SCI NPL Securitisation Awards: Contribution to Market Development

SCI NPL Securitisation Awards: Contribution to Market Development

Thursday 30 June 2022 17:37 London/ 12.37 New York/ 01.37 (+ 1 day) Tokyo

Winner: NPL Markets

Over 750 portfolios have now been onboarded to NPL Markets’ one-stop-shop reporting, trading and analysis platform. For its role in improving efficiency across the non-performing loan market, it is the winner of SCI’s award for the best Contribution to Market Development.

These 753 portfolios represent some 700 different banks, investors and servicers and over 4.5 million individual loans across 25 different jurisdictions. The number of loans on the NPLM platform has increased by 120% and the number of users has leapt from under 200 since 1Q21.

The numbers have been augmented significantly over the last year in part due to the new regulatory requirements imposed by ESMA through the European Securitisation Regulation (​Regulation (EU) 2017/2402), which ​established a general mandatory and reporting disclosure framework for structured finance transactions.

Among other requirements, ESMA mandated that disclosure reports for private securitised deals must be published on a suitable website that includes data quality checks, while public securitisations must submit detailed data to a repository.  This requirement was considerably more onerous than what had gone before and its introduction, in September 2020, brought many new clients to the door of NPLM.

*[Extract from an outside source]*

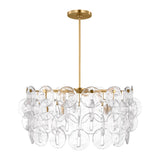 Caprice Chandelier 27", Modern Brass and Clear Glass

The web-based digital platform takes that considerable burden of time and cost away from those who make uses of its facilities. It also allows ESMA to collate more complete data in a timely manner.

But NPLM offers more than a regulatory reporting facility. Clients can also make use of the valuation and analytics, data preparation and the electronic marketplace for the buying and selling of non-performing assets. The erudition of the research provided by NPLM has also been praised by those in the market.

“Everybody starts in one place and they tend to say, ‘I don’t need anything else.’ Then when they see what else we have, like the marketplace or the analytics, then they’ll say, ‘I need that too,’” says Gianluca Savelli, co-founder and ceo of NPLM. As the portfolio is already on the platform, additional onboarding is straightforward and frictionless, he adds.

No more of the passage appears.